Papan nama Masjid Jami' Tegalsari Ponorogo |
Salah satu topiknya
tetap terkait dengan literasi. Berbagai gagasan kita perbincangkan. Rencana kita
diskusikan. Dan berbagai kemungkinkan akan kita jajaki. Tentu muaranya adalah
bagaimana literasi menjadi bagian dari tradisi santri di pesantren ini.
Sambil berbincang
santai, usai topik literasi, saya bilang ke salah satu panitia bahwa saya akan
mampir ke Masjid Agung Kyai Mohammad Besari di Jetis. Saya refleks saja karena
lokasi yang menjadi tempat ziarah spiritual ini posisinya berada di jalan saya
pulang.
Mushola Kyai Ageng Mohammad Besari |
“Nanti tak antar,
Kang”, kata Dr. Murdianto, panitia acara.
“Nggak usah. Aku kan
sambil pulang. Jadi santai saja”, jawabku.
Aku menjawab begitu
karena posisi rumah Dr.
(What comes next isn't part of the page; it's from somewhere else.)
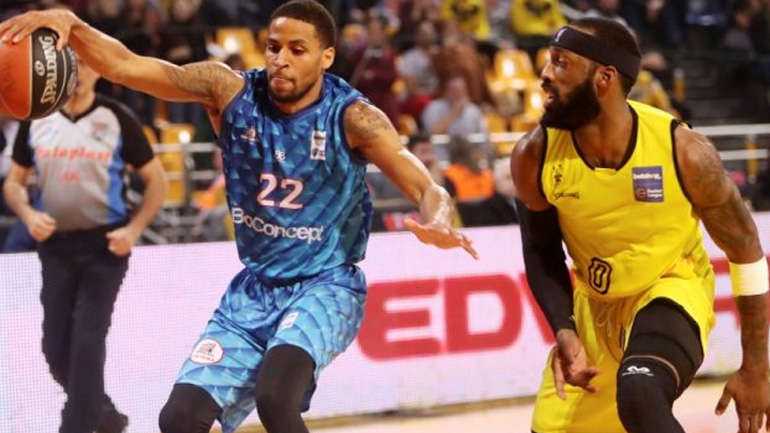 Λοβ: «Ξέρω τι θέλει από μένα ο Λυκογιάννης»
Murdianto tidak searah dengan jalan pulang. Namun dia
memaksa.
“Gampang. Nanti aku
tak nyopiri Panjenengan. Mas Sugeng akan nyusul saya di Tegalsari”.
“Ya sudah kalau
begitu. Monggo saja”, jawabku.
Di samping Mushola dan Dalem Ageng |
Makan siang dan
diskusi ringan usai. Setelah rehat sejenak saya pun pamit kepada pengurus
pondok. Saya dan Dr. Murdianto segera meluncur ke masjid yang menjadi tujuan
wisata religi tersebut. Perjalanan cukup lancar. Tidak sampai 30 menit kami
sudah sampai lokasi.
Makam Tegalsari lokasi
tidak seberapa jauh dari Pondok Modern Gontor. Suara adzan terdengar merdu saat
kami datang. Setelah parkir kami pun bergegas mengambil air wudhu. Puluhan
jamaah segera berbaris rapi begitu iqamah dikumandangkan. Saya segera mengambil
posisi di baris kelima.
Usai shalat dan
dzikir, saya menunggu pintu makam Kiai Hasan Besari dibuka. Terlihat pintu masih dikunci. Beberapa saat berlalu,
namun belum ada tanda-tanda pintu akan dibuka. Saya pun kemudian memanfaatkan
waktu dengan berfoto di dekat pintu makam. Setelah itu berkeliling ke sekitar masjid.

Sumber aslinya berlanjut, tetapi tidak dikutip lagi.